_EXERCISE DETAILS_
With the pictures left out, write out exactly the lines of the listing below that run from the line with "Taupe & Tan Fairway Sneakers - 4" through the line with "Autistic Gifts K.i.d.s".

_TASK INPUTS_
━━━
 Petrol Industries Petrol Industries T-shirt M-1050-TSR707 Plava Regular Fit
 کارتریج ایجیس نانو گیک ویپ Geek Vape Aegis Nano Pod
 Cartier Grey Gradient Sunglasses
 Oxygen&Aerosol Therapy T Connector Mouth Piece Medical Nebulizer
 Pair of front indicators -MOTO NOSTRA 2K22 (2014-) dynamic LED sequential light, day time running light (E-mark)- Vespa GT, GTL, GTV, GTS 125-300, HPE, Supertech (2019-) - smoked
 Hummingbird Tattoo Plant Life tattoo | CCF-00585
━━━
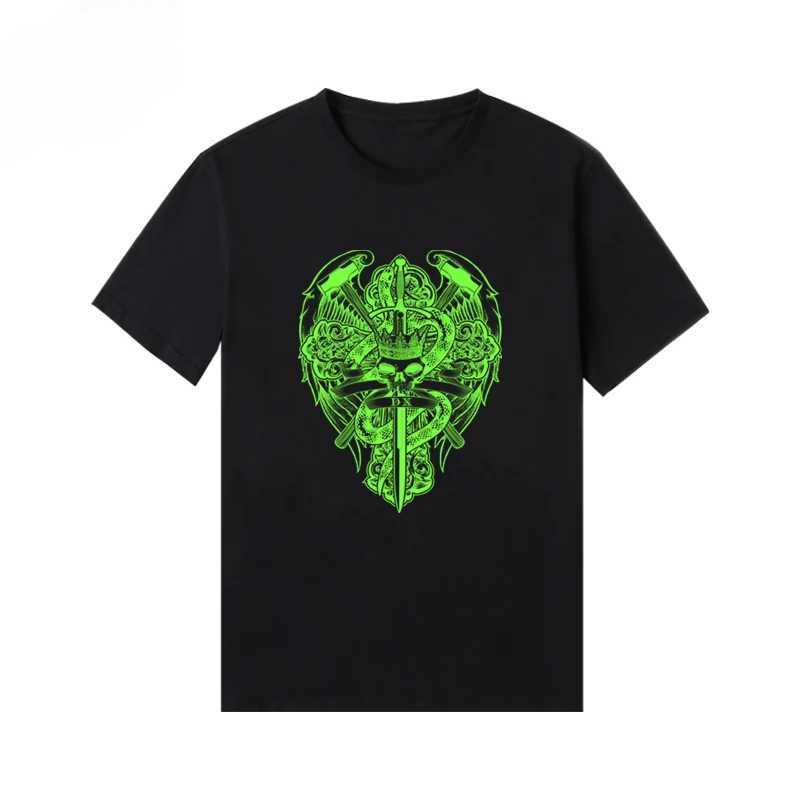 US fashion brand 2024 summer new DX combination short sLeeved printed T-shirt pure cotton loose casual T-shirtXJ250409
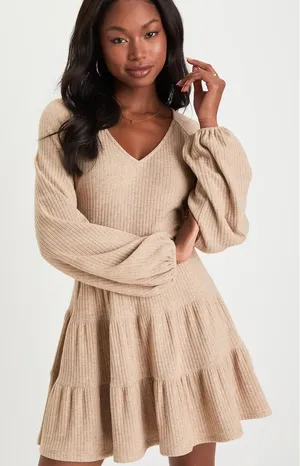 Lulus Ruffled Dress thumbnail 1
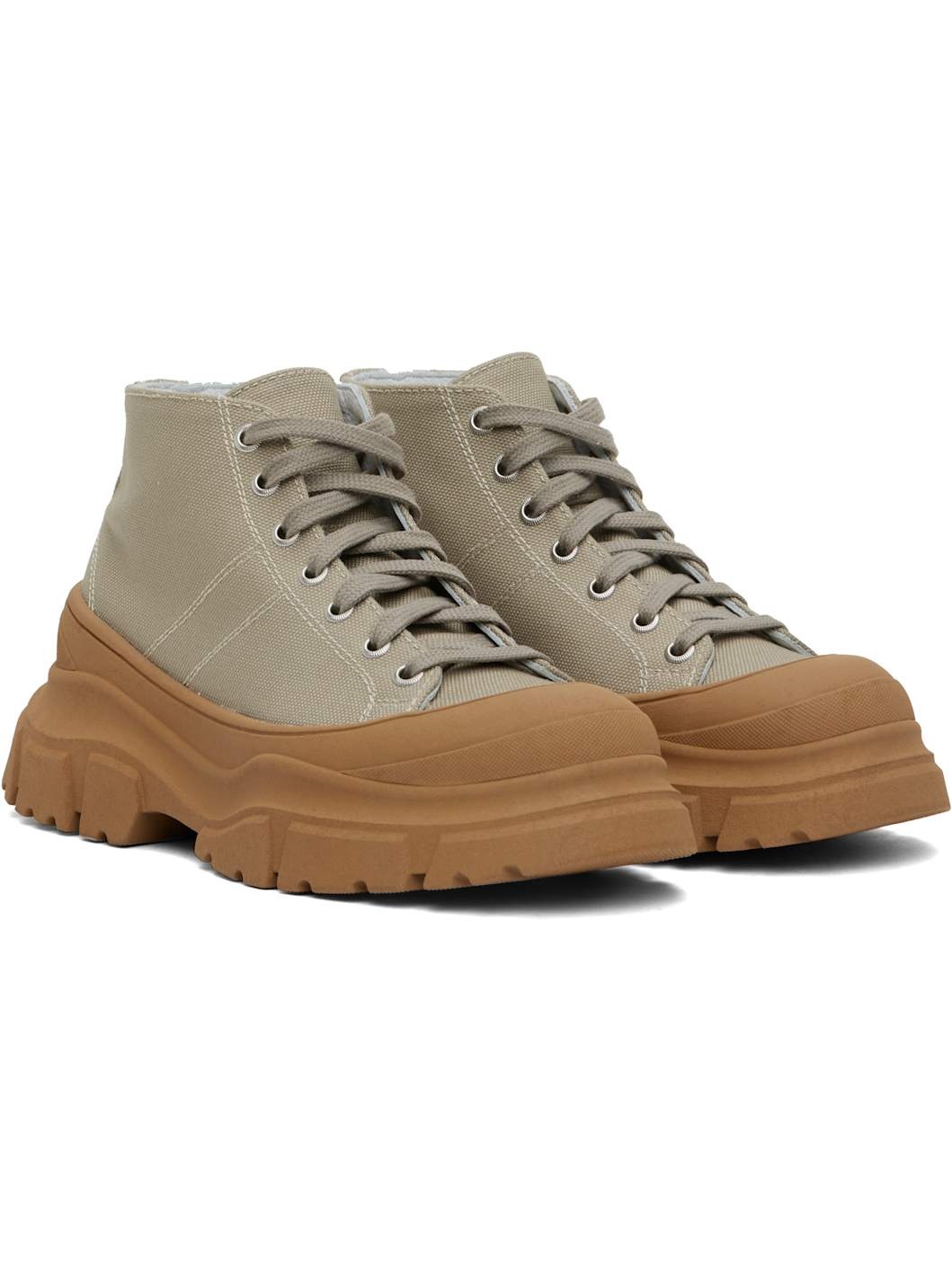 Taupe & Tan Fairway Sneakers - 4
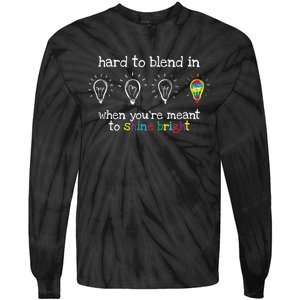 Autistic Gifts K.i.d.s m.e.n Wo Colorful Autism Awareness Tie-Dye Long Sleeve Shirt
━━━
_FINISHED TASK_
 Taupe & Tan Fairway Sneakers - 4
 Autistic Gifts K.i.d.s m.e.n Wo Colorful Autism Awareness Tie-Dye Long Sleeve Shirt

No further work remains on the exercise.